Data compiled by the Farm Services Agency, which handles US Department of Agriculture disaster assistance, farm loan and conservation programmes, shows a 74.9m-acre number for soybean sowings, with a further 159,000 acres on top which growers were thwarted from sowing.

For corn, area was pegged at 92.9m acres, with farmers not making it onto a further 255,000 acres intended for planting.

While the data are at face value lower than the USDA official numbers - of 76.1m acres for soybeans and a 75-year high of 96.4m acres for corn - adjusted for non-reporting analysts said they actually signalled higher figures.

Planned vs actual

"We can expect a difference. But normally out numbers are lower than the Wasde numbers," an FSA spokesman told Agrimoney.com.

"Wasde numbers are survey numbers based on the entire universe" of US growers.

"Our numbers are actual numbers, but only for famers participating in our programmes," which while representing the great majority of growers, does not cover all.

In August 2011, for instance, FSA data showed corn area 3.6m acres below the final total, and soybean plantings 1.8m acres short.

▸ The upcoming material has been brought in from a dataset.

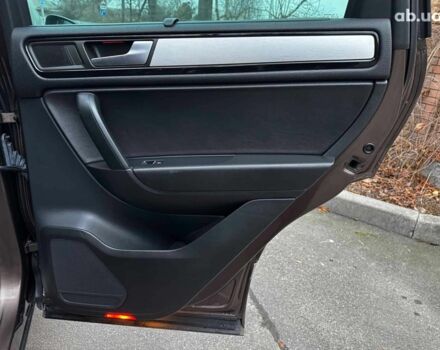 Коричневий Фольксваген Туарег, об'ємом двигуна 3 л та пробігом 296 тис. км за 19390 $, фото 29 на Automoto.ua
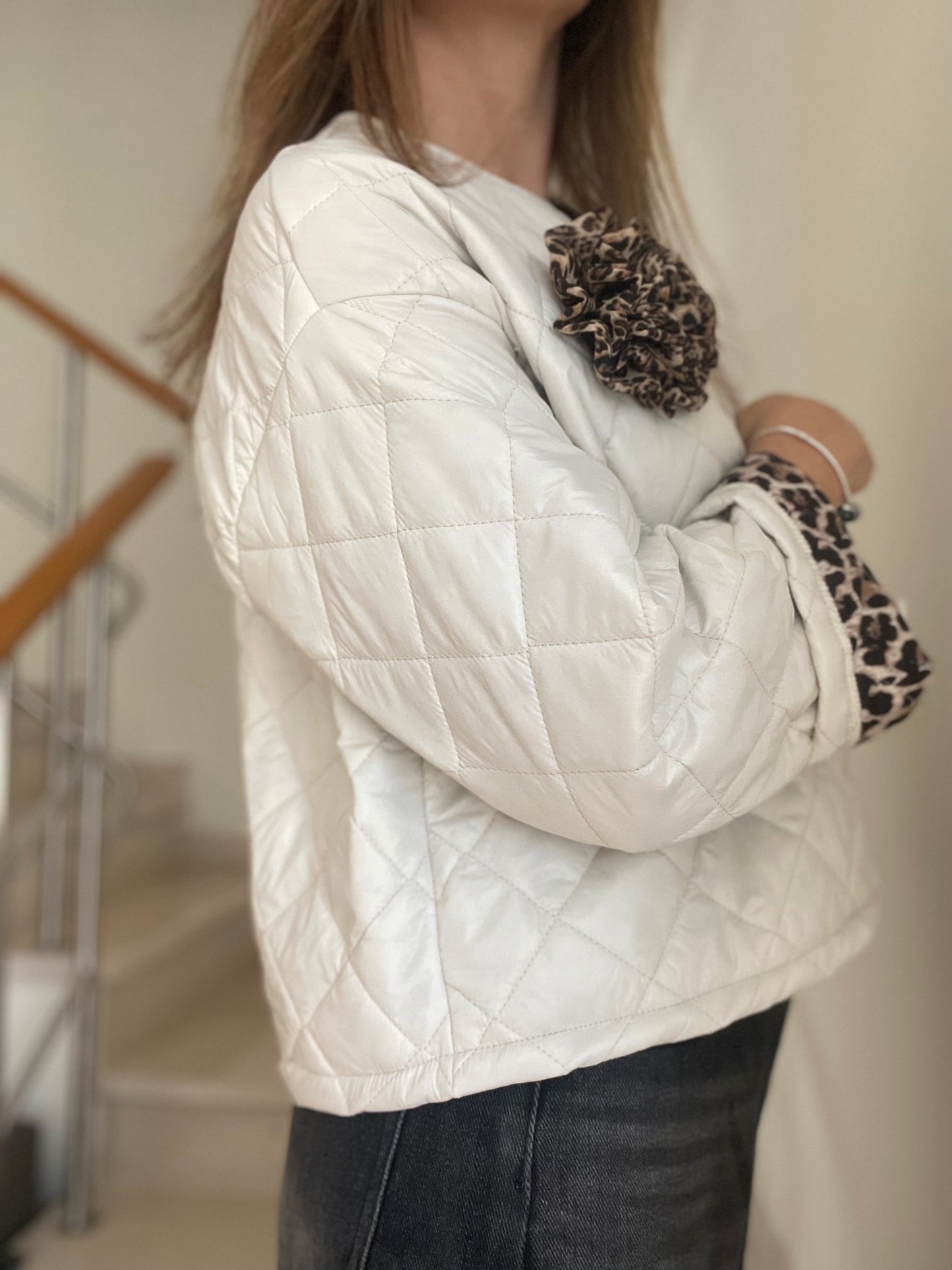 ANGIE | Cazadora acolchada con forro animal print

Some, particularly largely farmers, chose not to enrol, said Don Roose, president of broker US Commodities said, supporting the credibility of the FSA data, in being based on real rather than survey results.

"These are the numbers you should be working with," if on an adjusted basis, Mr Roose said.

Conspiracy theory

Investors Agrimoney.com spoke to said that the FSA data implied sowings of an extra 1.2m acres for soybeans, and 500,000 acres for corn.

Indeed, the data provoked a theory that the extra sowings were behind a relatively low abandonment rate kept in the last Wasde report despite a sharp deterioration in crops, and with farmers seen likely to chop for fodder, or plough in, soybean fields seen likely to yield below 10 bushels per acre.

"That's what people are saying, although I can't see why the USDA would do that," Michael Cordonnier, at Soybean and Corn Advisor, told Agrimoney.com.

"If the USDA had the data, why not just use it?"

At broker Country Futures, Darrell Holaday, noting that the FSA report "indicated that planted acres of corn and soybeans were higher" than official USDA numbers said: "We have said many times that USDA has not picked up the total increase in planted acreage."